[[ Dataset records open ]]

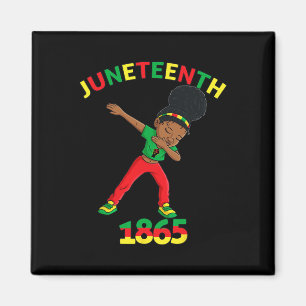 Dabbing Black Princess Juneteenth 1865 Bruine huid Magneet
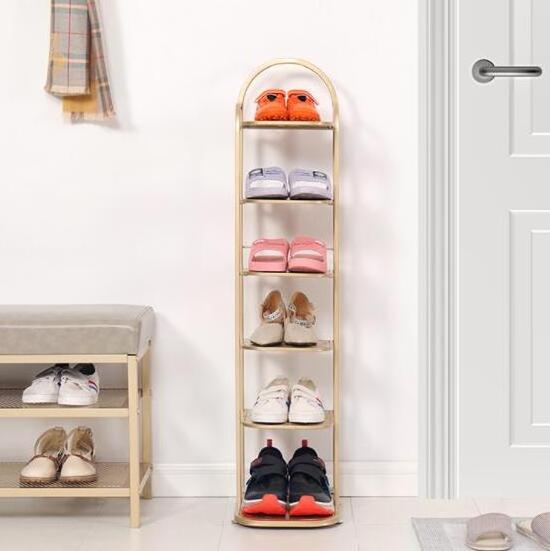 Gold 5-Tier Stackable Shoe Rack Expandable & Adjustable Shoe Organizer Storage Shelf for Wall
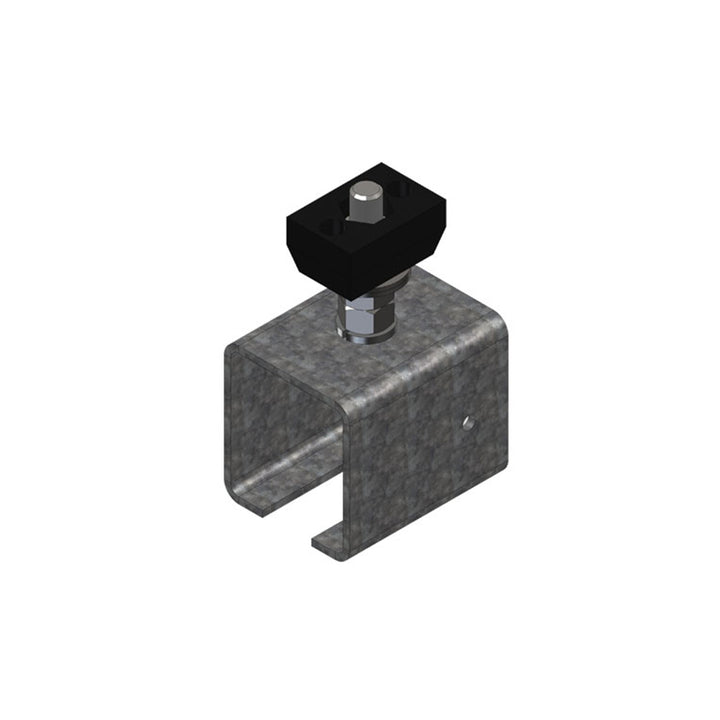 Heavy Duty C-Track Festoon Track Hanger, Galvanized Steel, To Mount Track To Cross Arm Support Channel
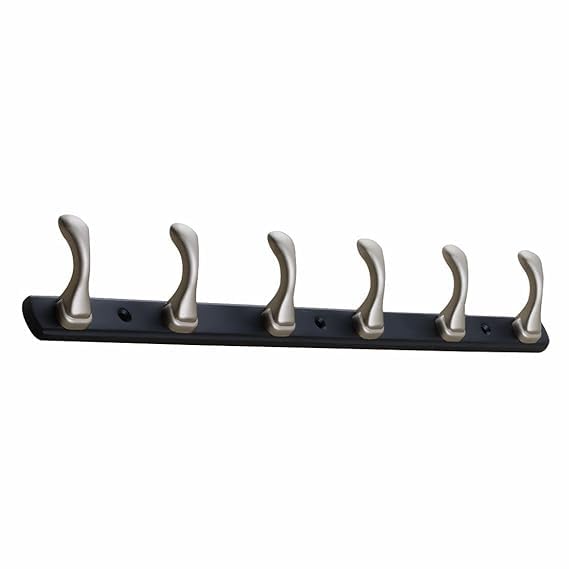 Image of ELUVIA Zinc Alloy 6 Pin Wall Hooks for Hanging Cloth and Towel Hangers for Wall Hook,Hook Rail Home Bathroom Kitchen & Bedroom (Pack of 1, Silver Black, 6 Hook)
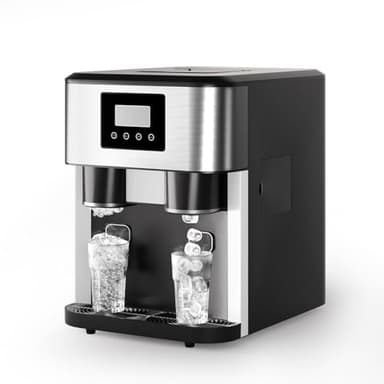 TABU 3-in-1 Nugget Ice Machine & Crushed Ice, Countertop Water Dispenser with 40lbs/Day Ice Maker & Crusher, Self-Cleaning Ice Machine, 3 Size Bullet Cube, Chewable Ice for Home, Kitchen, Office, RV - Image 1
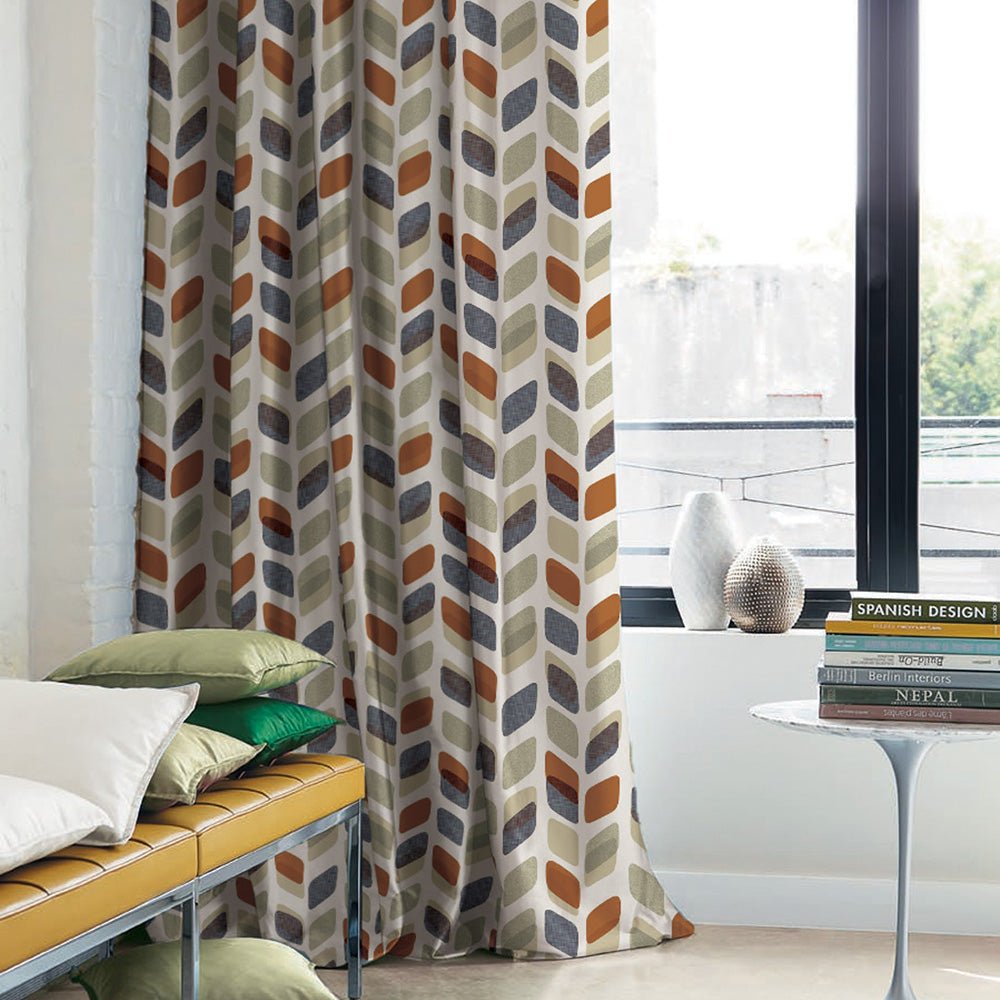 Elegant Geometric Print Room Darkening Curtain - Set of 2 - DS395D - Image 5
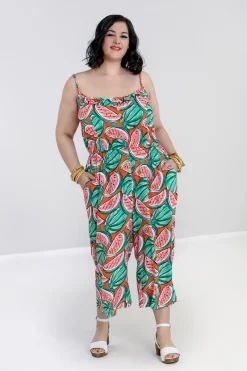 Hell Bunny Melonie Jumpsuit Orange New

[[ Dataset records closed ]]

■ What the exercise asks ■
Find the line with "TABU 3-in-1 Nugget". Reproduce it and every line after it through the last line above exactly, leaving out the pictures.

■ Result of the task ■
 TABU 3-in-1 Nugget Ice Machine & Crushed Ice, Countertop Water Dispenser with 40lbs/Day Ice Maker & Crusher, Self-Cleaning Ice Machine, 3 Size Bullet Cube, Chewable Ice for Home, Kitchen, Office, RV - Image 1
 Elegant Geometric Print Room Darkening Curtain - Set of 2 - DS395D - Image 5
 Hell Bunny Melonie Jumpsuit Orange New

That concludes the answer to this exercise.